La Galleria Giovanni Bonelli di Milano riapre dopo l’emergenza Coronavirus. E lo fa in grande stile con una doppia personale dedicata a due tra i maggiori esponenti della scuola figurativa siciliana: Fulvio Di Piazza (Siracusa, 1969) e Alessandro Bazan (Palermo, 1966).

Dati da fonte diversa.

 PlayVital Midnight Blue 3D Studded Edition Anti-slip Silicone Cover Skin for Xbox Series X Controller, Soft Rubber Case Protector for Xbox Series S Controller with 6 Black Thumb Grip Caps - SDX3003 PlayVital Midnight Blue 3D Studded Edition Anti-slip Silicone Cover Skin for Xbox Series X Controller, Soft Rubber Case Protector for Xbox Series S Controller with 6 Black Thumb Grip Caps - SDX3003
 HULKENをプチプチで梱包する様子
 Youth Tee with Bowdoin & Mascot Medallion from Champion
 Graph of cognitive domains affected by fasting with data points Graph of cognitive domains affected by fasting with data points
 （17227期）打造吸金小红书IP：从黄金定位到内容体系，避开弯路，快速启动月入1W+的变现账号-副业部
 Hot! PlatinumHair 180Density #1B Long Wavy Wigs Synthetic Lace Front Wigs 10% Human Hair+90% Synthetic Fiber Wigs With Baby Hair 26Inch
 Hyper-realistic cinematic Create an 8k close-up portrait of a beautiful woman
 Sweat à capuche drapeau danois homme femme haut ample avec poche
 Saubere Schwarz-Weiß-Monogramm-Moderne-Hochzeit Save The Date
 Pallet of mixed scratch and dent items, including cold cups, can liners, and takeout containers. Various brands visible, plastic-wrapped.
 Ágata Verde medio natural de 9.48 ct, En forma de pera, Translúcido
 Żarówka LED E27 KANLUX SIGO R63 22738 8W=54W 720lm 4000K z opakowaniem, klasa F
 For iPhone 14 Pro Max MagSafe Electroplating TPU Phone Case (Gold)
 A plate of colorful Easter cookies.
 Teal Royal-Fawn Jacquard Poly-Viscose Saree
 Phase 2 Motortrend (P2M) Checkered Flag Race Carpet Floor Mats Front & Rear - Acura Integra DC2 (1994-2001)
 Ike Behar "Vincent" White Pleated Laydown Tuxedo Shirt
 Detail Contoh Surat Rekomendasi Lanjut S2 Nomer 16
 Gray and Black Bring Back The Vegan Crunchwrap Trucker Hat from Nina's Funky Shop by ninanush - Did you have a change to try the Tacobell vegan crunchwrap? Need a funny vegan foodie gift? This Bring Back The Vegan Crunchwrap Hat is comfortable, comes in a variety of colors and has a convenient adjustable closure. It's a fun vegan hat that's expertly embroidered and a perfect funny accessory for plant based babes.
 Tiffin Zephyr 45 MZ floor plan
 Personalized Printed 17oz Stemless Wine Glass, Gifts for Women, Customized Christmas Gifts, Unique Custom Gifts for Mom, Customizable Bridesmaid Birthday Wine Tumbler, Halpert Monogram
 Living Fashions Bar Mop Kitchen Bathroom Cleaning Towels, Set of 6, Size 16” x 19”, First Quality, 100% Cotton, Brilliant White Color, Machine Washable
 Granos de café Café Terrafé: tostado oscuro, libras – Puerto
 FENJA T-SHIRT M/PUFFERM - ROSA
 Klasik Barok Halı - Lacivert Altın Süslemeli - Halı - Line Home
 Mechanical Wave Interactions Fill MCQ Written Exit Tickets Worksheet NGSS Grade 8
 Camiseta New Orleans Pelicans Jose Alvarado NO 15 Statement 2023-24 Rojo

L’esposizione, curata da Marco Senaldi, in programma dal 30 maggio al 30 luglio 2020 – ingresso libero solo su appuntamento, presenta una quindicina di opere, alcune di grande formato, tipiche della cifra stilistica dei due artisti.

Astratta

Il titolo della rassegna – Astratta – lungi dal riferirsi alla tendenza artistica sviluppatasi nel XX secolo, trae il proprio significato dalla radice latina del termine ‘abstractus’, ovvero ‘trarre fuori’, ‘distaccare’, e invita i visitatori a seguire i due autori in un altro piano della realtà, diverso da quello che si è abituati a vedere.
Per Alessandro Bazan l’elemento da cui partire è comunque il mondo reale e, più specificatamente, l’uomo, che viene raffigurato in una serie di atteggiamenti che ne indagano usi e comportamenti in situazioni private o collettive. Per Fulvio di Piazza, invece, la realtà è qualcosa a cui si rimanda in maniera allegorica utilizzando una serie di figure immaginifiche tipiche del suo repertorio.

La mostra

Il percorso espositivo si compone di alcune delle opere, tra le più rappresentative della loro ricerca. Per l’occasione, Alessandro Bazan porta a Milano due inediti come “Volare” e “Wait” che, pur contenendo tutti gli elementi carateristici della pittura dell’artista palermitano, costituiscono un unicum, ispirato da questo particolare momento storico. In “Volare”, ad esempio, la visione di una città dall’alto di un balcone, o dalla finestra di un grattacielo, non è più lo sfondo del quadro, bensì il soggetto principale: le figure di uomini e donne che fluttuano leggeri al di sopra di palazzi e strade, rimandano a un bisogno primario di ritrovata libertà da parte dell’uomo, recluso a causa della pandemia.

"Guerrilla"

L’opera manifesto di Fulvio Di Piazza, dal titolo “Guerrilla”, frutto di due anni di lavoro, si sviluppa in un racconto fantasmagorico, nel quale l'artista ricrea, con la sua cifra inconfondibile, un microcosmo di esseri fantastici in un clima surreale e al contempo ipnotico.
Si tratta di una vera e propria battaglia, di un “tutti contro tutti”, che suona particolarmente profetico in un momento di disgregazione sociale acuito dall’isolamento attuale. Le figure che emergono da cumuli di nubi o da reflussi vulcanici hanno sembianze animali e, al tempo stesso, umane, in un crogiolo di situazioni e azioni che non sembra avere altro fine se non quello di condurre il visitatore a perdersi nei dettagli minuziosi e inquietanti, che mantengono intatto il loro fascino di racconto allegorico.

L'anteprima virtuale

Giovedì 28 maggio 2020, dalle ore 19.00, sul sito della galleria (www.galleriagiovannibonelli.it), sarà possibile vedere un’anteprima virtuale della mostra accompagnati dal curatore.

Alessandro Bazan

Palermo, 1966. Vive e lavora a Palermo.

Bazan è considerato uno degli esponenti di spicco de “La Scuola di Palermo”. Dal 1998 è docente presso l’accademia di Belle Arti di Palermo. I suoi lavori sono stati esposti in numerose gallerie italiane e in istituzioni di livello internazionale tra le quali: Galleria d’Arte Moderna e Contemporanea di San Marino (2005); Galleria d’Arte Moderna di Palermo (2012); Goethe Museum, Dusseldorf (2013); Museum Kunstpalast Erenhof, Dusseldorf (2014); Pinacoteca Comunale, Marsala (2016).

Fulvio Di Piazza

Siracusa, 1969. Vive e lavora a Palermo.
Tra i principali esponenti de “La Scuola di Palermo” ha esposto in gallerie italiane ed internazionali oltre che in prestigiose sedi istituzionali quali ad esempio: Quadriennale di Roma (2008); 54°Biennale di Venezia (2011); Galleria d’Arte Moderna di Palermo (2014); Istituto Italiano di Cultura di Los Angeles (2014); Palazzo Riso (2018); Galleria Civica di Trento (2020).